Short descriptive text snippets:
#####
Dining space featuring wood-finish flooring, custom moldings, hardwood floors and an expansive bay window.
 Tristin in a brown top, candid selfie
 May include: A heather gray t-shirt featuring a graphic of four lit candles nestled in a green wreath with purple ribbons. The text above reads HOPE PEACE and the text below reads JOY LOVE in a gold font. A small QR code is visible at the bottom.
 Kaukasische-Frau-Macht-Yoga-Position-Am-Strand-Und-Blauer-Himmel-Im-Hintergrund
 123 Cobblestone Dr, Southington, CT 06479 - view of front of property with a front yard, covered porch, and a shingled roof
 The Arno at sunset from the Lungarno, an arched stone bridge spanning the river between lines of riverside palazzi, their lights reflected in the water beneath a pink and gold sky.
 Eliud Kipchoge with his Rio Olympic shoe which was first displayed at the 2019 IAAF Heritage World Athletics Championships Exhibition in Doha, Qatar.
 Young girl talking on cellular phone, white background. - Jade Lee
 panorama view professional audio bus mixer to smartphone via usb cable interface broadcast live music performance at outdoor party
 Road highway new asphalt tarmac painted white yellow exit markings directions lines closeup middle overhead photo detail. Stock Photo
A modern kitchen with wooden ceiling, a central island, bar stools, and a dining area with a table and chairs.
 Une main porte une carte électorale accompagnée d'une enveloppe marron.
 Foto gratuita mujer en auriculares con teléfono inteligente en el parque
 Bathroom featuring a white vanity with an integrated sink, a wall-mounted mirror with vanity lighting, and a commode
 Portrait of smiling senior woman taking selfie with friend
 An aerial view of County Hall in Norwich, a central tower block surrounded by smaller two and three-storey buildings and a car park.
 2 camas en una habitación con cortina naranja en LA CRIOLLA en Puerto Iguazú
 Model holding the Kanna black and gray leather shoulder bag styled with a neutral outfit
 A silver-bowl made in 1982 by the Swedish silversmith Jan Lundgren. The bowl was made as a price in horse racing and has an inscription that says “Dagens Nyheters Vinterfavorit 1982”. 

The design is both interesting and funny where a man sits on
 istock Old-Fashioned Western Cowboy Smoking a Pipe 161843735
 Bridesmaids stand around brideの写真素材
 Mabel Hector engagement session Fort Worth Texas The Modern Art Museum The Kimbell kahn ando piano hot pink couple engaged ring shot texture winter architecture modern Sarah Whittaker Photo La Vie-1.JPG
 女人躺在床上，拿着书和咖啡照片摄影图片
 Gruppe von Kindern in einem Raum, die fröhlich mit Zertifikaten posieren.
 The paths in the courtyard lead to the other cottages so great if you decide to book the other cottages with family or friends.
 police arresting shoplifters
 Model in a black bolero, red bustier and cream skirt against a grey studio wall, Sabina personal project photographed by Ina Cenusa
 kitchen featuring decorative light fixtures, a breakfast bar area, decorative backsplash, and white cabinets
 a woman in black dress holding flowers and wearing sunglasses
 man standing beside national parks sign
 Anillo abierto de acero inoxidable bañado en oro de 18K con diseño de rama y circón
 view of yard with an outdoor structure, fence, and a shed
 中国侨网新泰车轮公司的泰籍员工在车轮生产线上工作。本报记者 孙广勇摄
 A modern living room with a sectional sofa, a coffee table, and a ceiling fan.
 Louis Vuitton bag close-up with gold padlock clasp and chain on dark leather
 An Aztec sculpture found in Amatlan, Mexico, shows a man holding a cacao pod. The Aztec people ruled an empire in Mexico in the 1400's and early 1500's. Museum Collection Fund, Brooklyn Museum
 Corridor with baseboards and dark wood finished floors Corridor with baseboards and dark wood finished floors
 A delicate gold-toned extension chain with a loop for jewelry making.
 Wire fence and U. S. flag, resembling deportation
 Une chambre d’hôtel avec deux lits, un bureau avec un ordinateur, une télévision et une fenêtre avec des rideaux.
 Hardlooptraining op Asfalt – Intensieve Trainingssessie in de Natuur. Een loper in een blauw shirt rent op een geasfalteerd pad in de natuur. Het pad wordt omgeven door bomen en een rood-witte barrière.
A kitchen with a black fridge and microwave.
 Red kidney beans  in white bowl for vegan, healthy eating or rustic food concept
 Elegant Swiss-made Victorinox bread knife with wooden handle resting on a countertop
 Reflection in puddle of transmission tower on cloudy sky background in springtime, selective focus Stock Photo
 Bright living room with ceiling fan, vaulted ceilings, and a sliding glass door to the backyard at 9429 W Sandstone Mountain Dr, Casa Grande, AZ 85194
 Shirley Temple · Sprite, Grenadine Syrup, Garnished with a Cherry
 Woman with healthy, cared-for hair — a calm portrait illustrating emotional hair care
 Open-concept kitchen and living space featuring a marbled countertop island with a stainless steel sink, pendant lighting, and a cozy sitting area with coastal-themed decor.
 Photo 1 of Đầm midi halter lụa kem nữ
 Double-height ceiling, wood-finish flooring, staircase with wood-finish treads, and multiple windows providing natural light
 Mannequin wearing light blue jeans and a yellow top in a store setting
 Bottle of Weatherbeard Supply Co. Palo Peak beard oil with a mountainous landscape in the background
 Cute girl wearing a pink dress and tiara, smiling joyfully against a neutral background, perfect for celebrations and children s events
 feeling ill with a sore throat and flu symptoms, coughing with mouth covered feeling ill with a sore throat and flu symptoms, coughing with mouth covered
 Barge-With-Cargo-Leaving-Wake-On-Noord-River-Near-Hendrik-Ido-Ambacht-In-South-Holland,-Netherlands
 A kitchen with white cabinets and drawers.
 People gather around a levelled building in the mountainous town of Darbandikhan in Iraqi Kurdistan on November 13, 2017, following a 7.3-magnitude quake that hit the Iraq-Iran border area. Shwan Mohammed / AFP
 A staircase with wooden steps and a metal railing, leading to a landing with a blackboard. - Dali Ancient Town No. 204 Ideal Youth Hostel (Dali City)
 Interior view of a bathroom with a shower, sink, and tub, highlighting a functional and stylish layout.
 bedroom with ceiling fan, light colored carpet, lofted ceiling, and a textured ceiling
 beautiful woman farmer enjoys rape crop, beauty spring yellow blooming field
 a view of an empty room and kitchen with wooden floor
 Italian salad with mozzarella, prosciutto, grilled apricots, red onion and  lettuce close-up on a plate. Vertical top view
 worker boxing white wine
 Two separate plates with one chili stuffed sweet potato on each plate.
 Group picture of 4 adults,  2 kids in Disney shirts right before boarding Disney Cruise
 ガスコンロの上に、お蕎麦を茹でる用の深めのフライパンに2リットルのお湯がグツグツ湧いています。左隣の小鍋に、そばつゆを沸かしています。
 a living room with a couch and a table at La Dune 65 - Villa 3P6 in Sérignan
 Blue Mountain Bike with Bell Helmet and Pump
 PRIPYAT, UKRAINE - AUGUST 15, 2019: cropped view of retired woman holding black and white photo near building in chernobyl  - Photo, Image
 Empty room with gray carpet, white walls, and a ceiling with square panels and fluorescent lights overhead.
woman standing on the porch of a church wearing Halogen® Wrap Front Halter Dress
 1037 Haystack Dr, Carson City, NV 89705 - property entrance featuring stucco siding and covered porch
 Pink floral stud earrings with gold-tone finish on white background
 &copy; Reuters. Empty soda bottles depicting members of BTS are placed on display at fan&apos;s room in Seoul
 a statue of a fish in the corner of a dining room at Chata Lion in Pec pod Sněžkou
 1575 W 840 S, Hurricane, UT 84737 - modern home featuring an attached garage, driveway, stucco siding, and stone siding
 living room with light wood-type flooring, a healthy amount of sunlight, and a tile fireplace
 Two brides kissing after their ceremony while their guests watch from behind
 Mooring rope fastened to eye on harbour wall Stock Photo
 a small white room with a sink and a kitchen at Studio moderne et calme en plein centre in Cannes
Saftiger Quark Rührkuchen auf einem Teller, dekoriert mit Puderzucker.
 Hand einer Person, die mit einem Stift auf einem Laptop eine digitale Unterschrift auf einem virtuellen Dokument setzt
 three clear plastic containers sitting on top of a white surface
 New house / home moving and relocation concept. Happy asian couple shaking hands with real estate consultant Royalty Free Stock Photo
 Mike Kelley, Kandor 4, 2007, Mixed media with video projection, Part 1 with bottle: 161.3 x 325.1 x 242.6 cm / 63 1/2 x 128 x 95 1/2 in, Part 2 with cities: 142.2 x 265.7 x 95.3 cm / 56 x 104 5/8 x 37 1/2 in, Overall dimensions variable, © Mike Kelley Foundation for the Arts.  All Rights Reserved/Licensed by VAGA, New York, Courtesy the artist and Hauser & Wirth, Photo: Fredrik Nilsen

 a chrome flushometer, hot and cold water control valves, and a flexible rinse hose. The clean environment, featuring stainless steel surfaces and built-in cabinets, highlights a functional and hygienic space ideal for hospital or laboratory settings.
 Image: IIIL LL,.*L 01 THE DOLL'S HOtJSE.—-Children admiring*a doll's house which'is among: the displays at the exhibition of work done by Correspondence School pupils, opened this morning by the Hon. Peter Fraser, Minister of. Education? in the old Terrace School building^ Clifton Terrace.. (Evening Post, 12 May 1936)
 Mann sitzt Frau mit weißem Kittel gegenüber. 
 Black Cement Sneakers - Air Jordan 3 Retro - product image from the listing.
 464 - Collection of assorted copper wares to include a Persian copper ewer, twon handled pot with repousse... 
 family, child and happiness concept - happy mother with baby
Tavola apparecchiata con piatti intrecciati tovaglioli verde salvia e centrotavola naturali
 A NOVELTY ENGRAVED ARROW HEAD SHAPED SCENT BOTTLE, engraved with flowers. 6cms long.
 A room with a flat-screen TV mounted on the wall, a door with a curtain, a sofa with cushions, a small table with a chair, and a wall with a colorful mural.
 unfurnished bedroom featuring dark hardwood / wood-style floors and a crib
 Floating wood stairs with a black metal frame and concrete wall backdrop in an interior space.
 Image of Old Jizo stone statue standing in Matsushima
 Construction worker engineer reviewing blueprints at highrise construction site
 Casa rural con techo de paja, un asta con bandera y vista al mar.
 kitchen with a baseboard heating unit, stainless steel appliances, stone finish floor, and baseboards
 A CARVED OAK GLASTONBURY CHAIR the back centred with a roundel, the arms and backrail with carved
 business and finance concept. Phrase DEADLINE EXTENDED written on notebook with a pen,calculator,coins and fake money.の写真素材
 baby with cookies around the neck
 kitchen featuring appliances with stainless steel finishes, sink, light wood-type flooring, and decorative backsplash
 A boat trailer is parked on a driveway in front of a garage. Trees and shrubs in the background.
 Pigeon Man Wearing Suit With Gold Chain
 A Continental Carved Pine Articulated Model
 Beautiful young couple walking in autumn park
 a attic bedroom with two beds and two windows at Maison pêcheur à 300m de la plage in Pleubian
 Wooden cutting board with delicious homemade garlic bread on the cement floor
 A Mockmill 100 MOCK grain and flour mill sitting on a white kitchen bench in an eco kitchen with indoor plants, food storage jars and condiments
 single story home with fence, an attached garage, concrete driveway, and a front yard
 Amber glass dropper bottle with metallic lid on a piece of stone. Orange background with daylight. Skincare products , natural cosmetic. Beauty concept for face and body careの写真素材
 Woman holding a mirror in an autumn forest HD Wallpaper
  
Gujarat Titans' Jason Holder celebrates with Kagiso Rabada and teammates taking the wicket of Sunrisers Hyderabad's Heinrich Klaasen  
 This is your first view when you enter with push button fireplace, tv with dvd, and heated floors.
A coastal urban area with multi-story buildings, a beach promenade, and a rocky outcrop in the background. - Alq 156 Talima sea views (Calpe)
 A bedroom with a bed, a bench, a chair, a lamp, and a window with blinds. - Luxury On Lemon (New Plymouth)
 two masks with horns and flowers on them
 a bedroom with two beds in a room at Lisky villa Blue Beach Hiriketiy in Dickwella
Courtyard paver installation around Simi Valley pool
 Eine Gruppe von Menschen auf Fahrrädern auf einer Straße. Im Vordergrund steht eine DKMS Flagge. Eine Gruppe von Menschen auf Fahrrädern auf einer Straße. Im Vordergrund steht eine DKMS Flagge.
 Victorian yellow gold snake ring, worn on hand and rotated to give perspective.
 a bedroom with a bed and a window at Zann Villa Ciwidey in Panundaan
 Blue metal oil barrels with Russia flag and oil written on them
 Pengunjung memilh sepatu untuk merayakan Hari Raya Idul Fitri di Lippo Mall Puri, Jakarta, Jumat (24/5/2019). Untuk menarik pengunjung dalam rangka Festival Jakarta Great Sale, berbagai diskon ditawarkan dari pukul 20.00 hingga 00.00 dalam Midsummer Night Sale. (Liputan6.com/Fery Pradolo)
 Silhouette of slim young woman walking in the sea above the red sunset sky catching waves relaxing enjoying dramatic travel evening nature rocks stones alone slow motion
#####
▸ About this exercise: For each line above that includes "standing", copy the line.

▸ Answer space:
 man standing beside national parks sign
woman standing on the porch of a church wearing Halogen® Wrap Front Halter Dress
 Image of Old Jizo stone statue standing in Matsushima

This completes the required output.